Abstract
Benign recurrent intrahepatic cholestasis (BRIC) is characterised by recurrent episodes of jaundice, severe pruritus and low or normal serum γ-glutamyltransferase activity lasting from several weeks to months. BRIC is an autosomal recessive disorder caused by the mutation in either of the two hepatic transporter genes—ATP8B1 or ABCB11 gene. The disease is very well known for episodic flare of jaundice with cholestatic symptoms that are spontaneous or perpetuated by acute insults, followed by self-recovery. There is no proven medical therapy and rarely does it progress to progressive familial intrahepatic cholestasis (PFIC) or biliary cirrhosis. BRIC may be associated with nephrolithiasis, diabetes or pancreatitis. Here, we report a case of BRIC with spontaneous flare and further complicated by drug-induced liver injury with disabling cholestastic symptoms, who underwent endoscopic nasobiliary drainage and was completely relieved of the distressing symptoms.
Keywords: Endoscopy, Gastroenterology
Background
Benign recurrent intrahepatic cholestasis (BRIC) is a rare disease with frequent exacerbations which cause distressing symptoms. Endoscopic nasobiliary drainage (ENBD) is a novel therapy which can lead to permanent resolution of the symptoms and can be the treatment of choice.
Case presentation
A 23-year-old male with no family history of jaundice presented with complains of intermittent jaundice associated with severe pruritus and clay coloured stools since 2 years. He also complained of steatorrhoea and night blindness during the episodes. The symptoms would exacerbate during periods of stress or minor illness. His symptoms would last for 4–5 months and then would be asymptomatic for 2–3 months before recurrence. He visited multiple hospitals and was treated with ursodeoxycholic acid, cholestyramine, high dose of hydroxyzine, rifampicin, naltrexone, but all failed to improve his symptoms.
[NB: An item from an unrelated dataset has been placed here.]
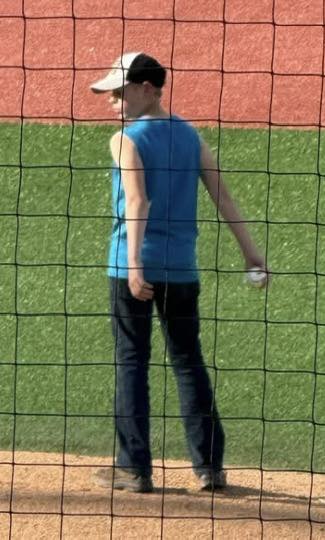 Kellan Throws First Pitch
He then received complementary alternative medicine for 15 days leading to aggravation of the above symptoms and presented to our hospital.
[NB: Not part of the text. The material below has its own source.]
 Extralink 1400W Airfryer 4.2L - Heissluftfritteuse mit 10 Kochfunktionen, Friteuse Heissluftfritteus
On examination, there were excoriation marks all over the body but predominantly distributed over palms and lower limbs. There were no signs of liver cell failure and there was no organomegaly.
Investigations
Investigations revealed serum bilirubin of 11.9 mg/dL with a predominant direct fraction of 6.7 mg/dL. Aspartate amiotransferase (AST) and alanine aminotransferase (ALT) were mildly elevated with AST being 77 IU/L (normal ~5–40 IU/L) and ALT of 58 IU/L (normal ~10–40 IU/L). High alkaline phosphatase of 213 IU/L (normal ~32–92 IU/L) and normal γ-glutamyltransferase (γ-GT) of 57 (normal ~7–64 IU/L) were seen. Hypoalbuminaemia (2.8 g/L(normal ~3.5–5.5 g/L)) and prolonged INR (2.03) secondary to anorexia and steatorrhoea were seen (figure 1).
Figure 1.

The laboratory parameters and clinical features in relation to endoscopic nasobiliary drainage (ENBD) placement. (A) Total serum bilirubin (mg/dL). (B) Serum alkaline phosphatase (SAP-32-92 IU/L), gamma glutamyl transferase (GGT-7-64 IU/L). (C) Prothrombin time-International normalised ratio (PT-INR). (D) ENBD placement, improvement in itching, night blindness and stool colour. Dotted line indicates—ENBD removed.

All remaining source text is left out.